Short text fragments from websites
--
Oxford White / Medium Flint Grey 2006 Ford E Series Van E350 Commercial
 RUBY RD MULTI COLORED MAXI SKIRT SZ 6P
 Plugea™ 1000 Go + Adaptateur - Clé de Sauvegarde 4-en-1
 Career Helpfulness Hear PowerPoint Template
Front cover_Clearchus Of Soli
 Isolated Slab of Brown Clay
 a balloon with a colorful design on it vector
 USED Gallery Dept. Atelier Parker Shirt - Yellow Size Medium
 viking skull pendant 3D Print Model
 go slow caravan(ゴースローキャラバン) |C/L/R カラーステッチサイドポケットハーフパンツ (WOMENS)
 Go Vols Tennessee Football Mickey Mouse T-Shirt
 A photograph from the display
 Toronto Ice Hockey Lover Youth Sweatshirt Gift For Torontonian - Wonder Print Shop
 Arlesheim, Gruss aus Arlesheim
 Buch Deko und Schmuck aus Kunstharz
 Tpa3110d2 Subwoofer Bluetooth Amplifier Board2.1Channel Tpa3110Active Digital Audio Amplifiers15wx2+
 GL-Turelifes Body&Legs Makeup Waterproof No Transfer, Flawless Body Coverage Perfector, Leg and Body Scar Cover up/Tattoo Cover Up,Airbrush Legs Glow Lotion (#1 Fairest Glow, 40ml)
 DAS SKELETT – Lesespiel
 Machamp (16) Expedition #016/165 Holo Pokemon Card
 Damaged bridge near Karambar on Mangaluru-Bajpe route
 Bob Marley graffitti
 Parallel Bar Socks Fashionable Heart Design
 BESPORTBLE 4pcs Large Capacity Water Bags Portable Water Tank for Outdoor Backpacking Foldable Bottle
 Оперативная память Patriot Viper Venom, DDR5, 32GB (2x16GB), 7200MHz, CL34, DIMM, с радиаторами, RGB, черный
--
Take the lines above from the one containing "GL-Turelifes Body&Legs Makeup" to the one containing "DAS SKELETT – Lesespiel" and retype them exactly, both ends included, with nothing added.

 GL-Turelifes Body&Legs Makeup Waterproof No Transfer, Flawless Body Coverage Perfector, Leg and Body Scar Cover up/Tattoo Cover Up,Airbrush Legs Glow Lotion (#1 Fairest Glow, 40ml)
 DAS SKELETT – Lesespiel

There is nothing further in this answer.